The Southern African Customs Union (SACU) says it is undertaking a review of the revenue-sharing formula of monies collected as customs duties and injected into the common revenue pool before being shared among the five member states.Swaziland, South Africa, Lesotho, Namibia and Botswana are the five members of SACU, an organization created in 1910 .to put in place a Common External Tariff (CET) on all goods imported into the union from the rest of the world.
It was also tasked with ensuring the free movement of manufactured products among member states without any duties or quantitative restrictions, and facilitate a Revenue-Sharing Formula (RSF) for the distribution of customs and excise revenues collected by the union.

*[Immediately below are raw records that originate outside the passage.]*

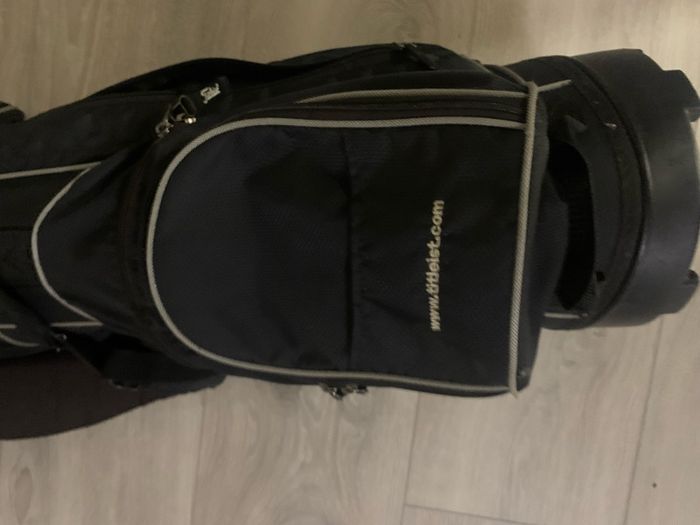 Tiltiest stand golf bag w rain cover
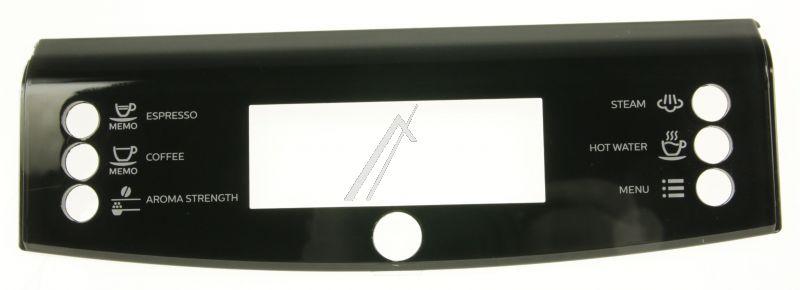 Saeco 421944074211 Bedienteilblende - Display front panel s/scr. inc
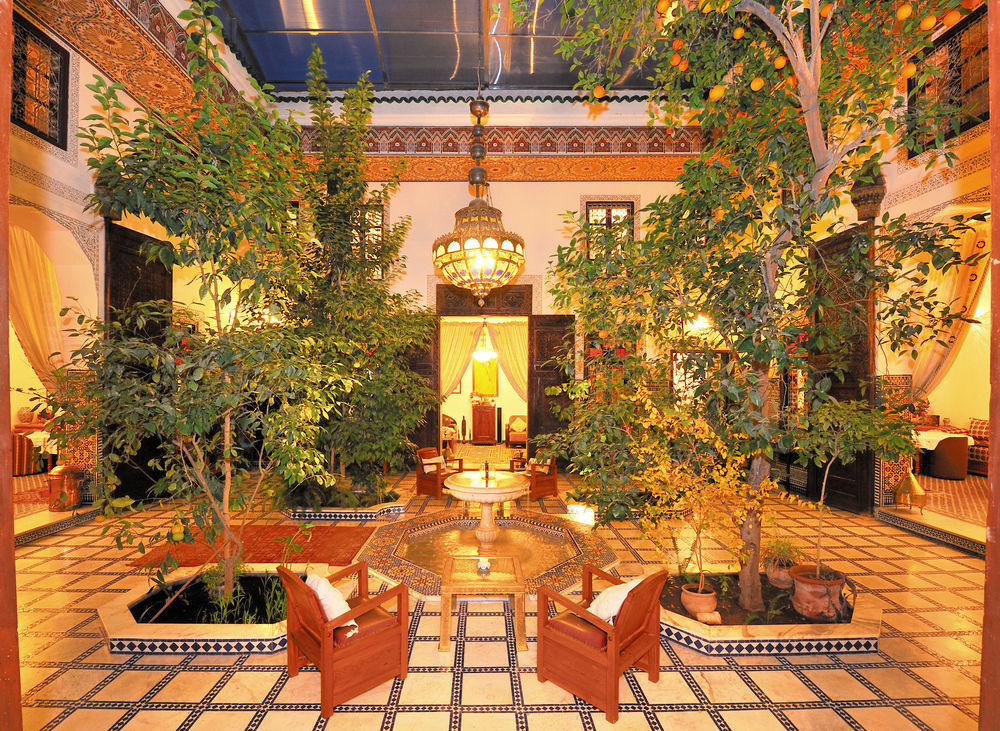 Riad Souafine Fès Exterior foto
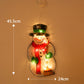 ⛄ Joulun esale -50% 🎄 Jouluikkunan ripustusvalot 💡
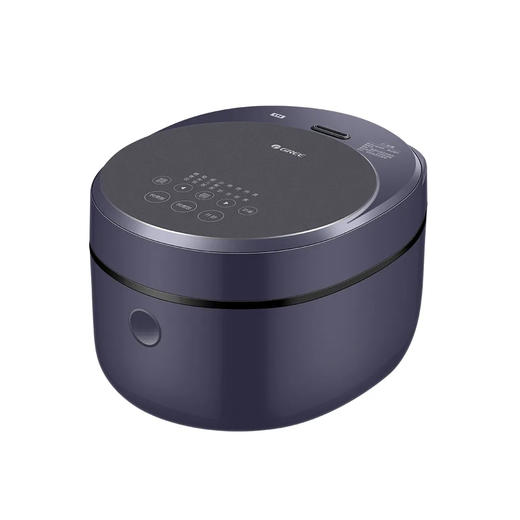 GREE 格力 IH智能电饭煲 3L 0涂层不锈钢 IH立体加热 GDCF-3015C 浅紫+极光紫 商品图2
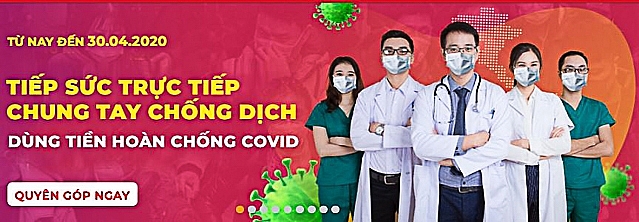 Sendo phối hợp với Hội Chữ thập đỏ Việt Nam gây quỹ chống dịch sendovn chung tay hoi chu thap do viet nam gay quy chong dich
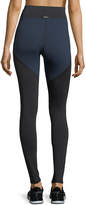Thumbnail for your product : Michi Cadence Colorblocked Full-Length Performance Leggings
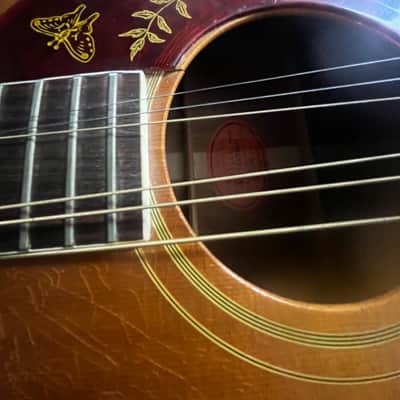 Gibson Hummingbird 1965- Natural Bild 8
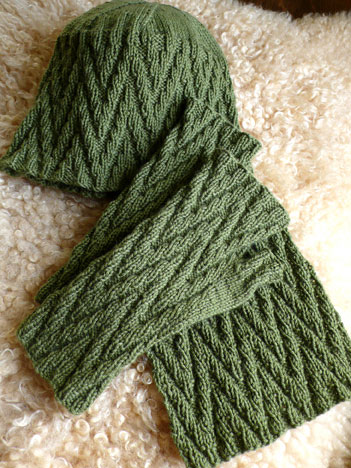 scarf knitting pattern-Knitting Gallery
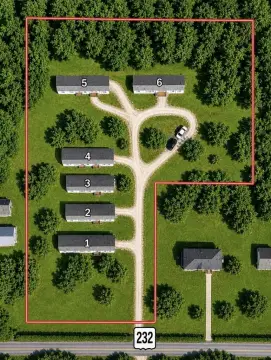6-Unit Mobile Home Park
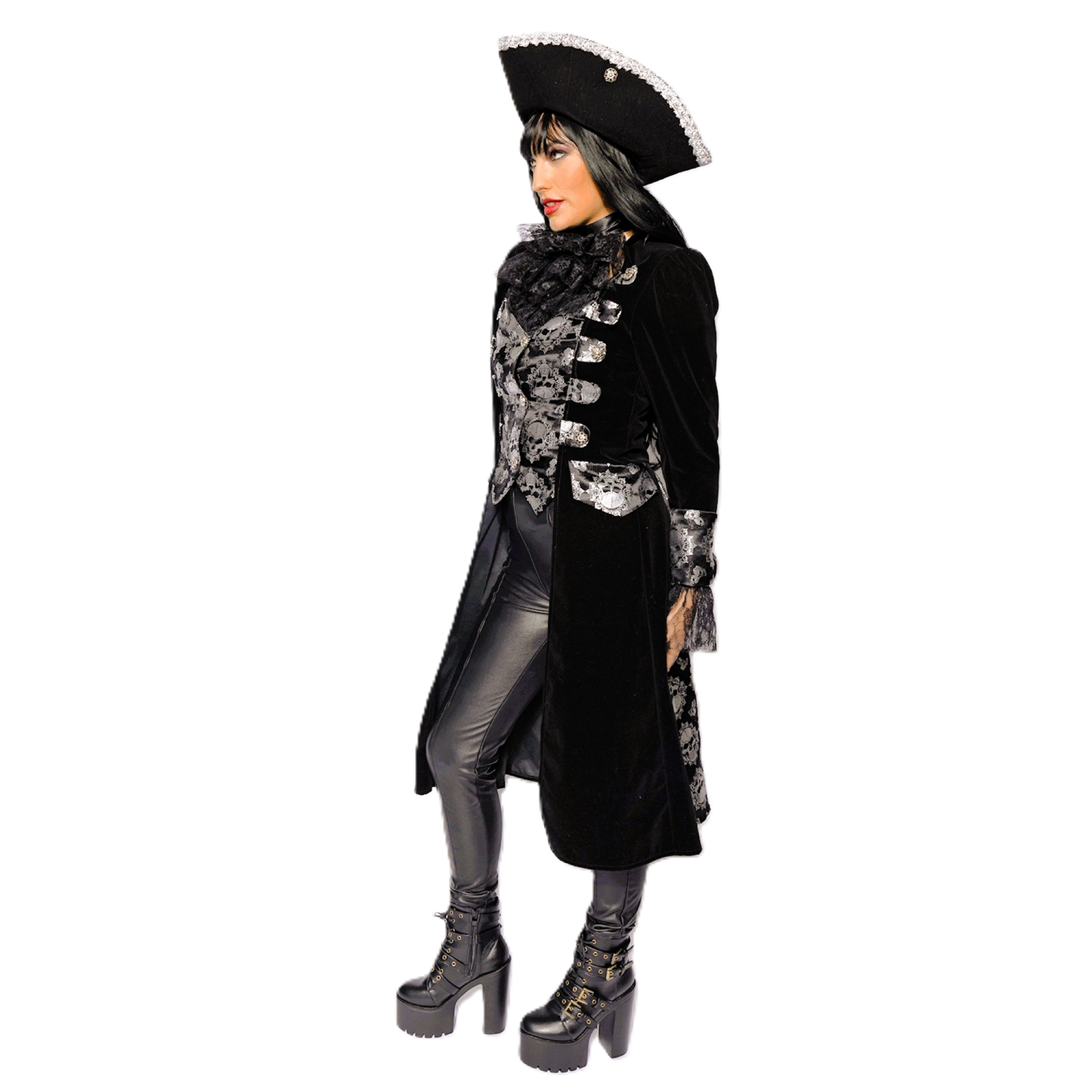 Captain Coat,  Ladies, Black Bones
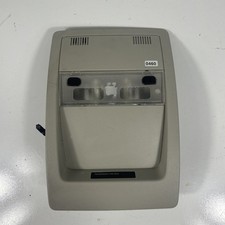 2007-2013 GM Tahoe Silverado Sierra Overhead Console Map Dome Light Gray OEM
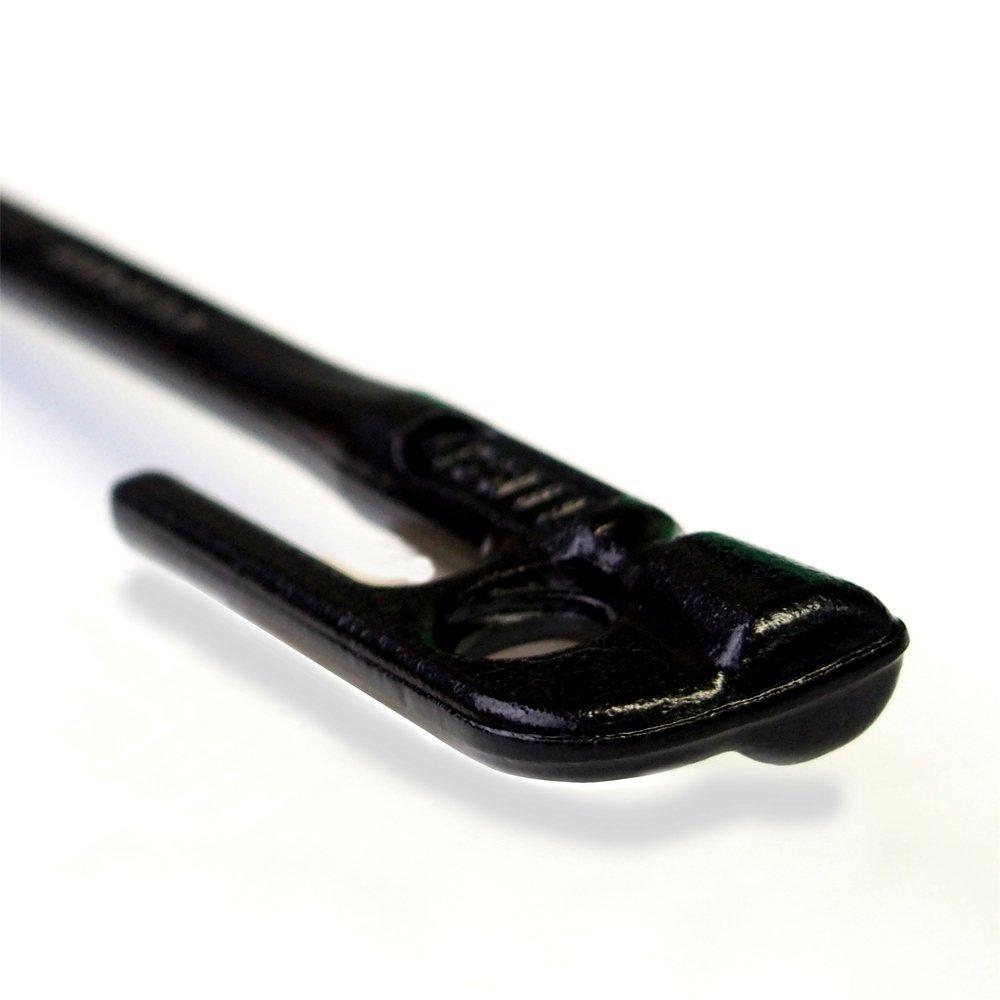 ELLISSE Кованый колышек Elisse Stake 28 см с катионным гальваническим покрытием, набор из 8 шт. MK-280K, сделано в Японии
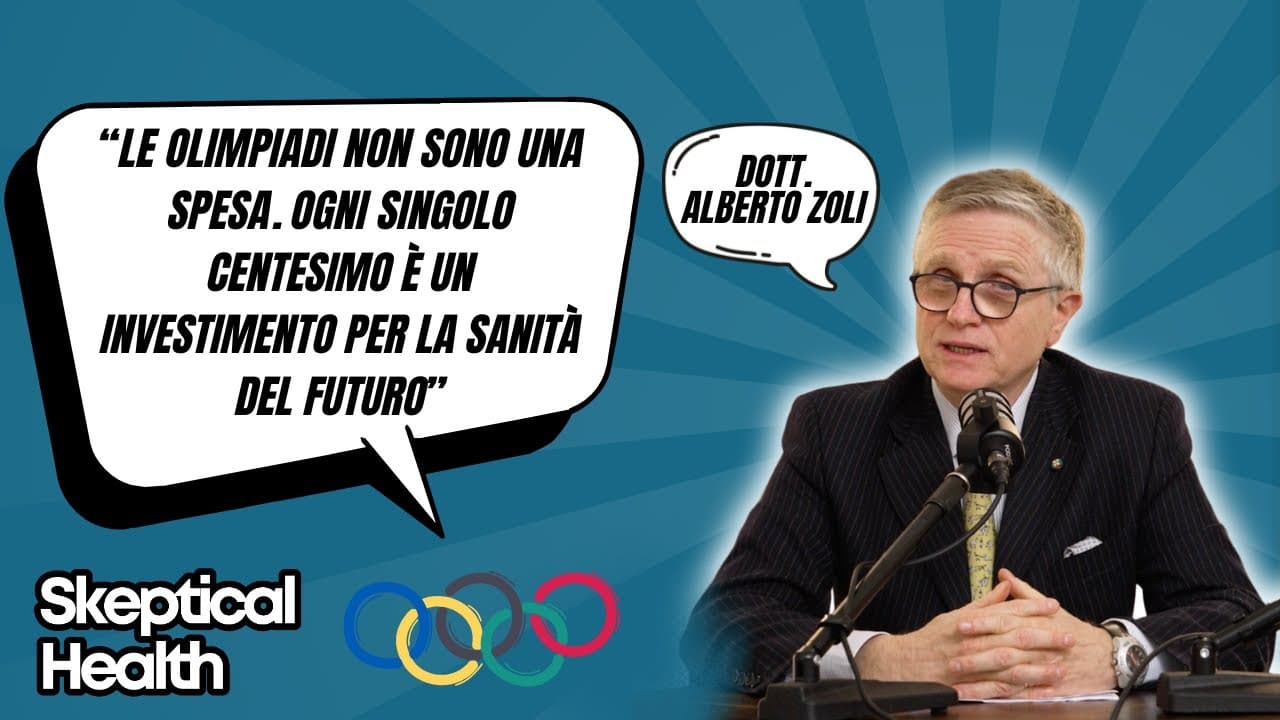 EP.55 — Organizzare le Olimpiadi: la Sfida Sanitaria di Milano-Cortina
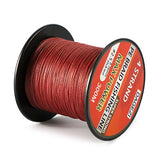 DAGEZI 20-90LB BRAIDED fishing lines With Gift  4 strand 300m Super Strong  Multifilament 100% PE Braided Fishing Line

SACU Council of Ministers Chairman Martin Dlamini, speaking during a media briefing convened at the end of the fifth SACU leaders summit in Swaziland on Friday, explained that member states had once again decided to undertake a study that would inform a fresh review of the revenue-sharing formula.
“It is true that processes to review the SACU revenue-sharing formula have taken a while. It has been agreed by member states that a new study be undertaken after it was unearthed that the previous study, which was to inform the sharing formula would make some states worse off” said Dlamini.
He said this created the need for another study which is expected to be complete in a period of 24 months.
The one-day summit was attended by South African President Jacob, Botswana Vice-President Mokgweetsi Masisi, Namibian Finance Minister Carl-Hermann Schlettwein and a female representative from Lesotho.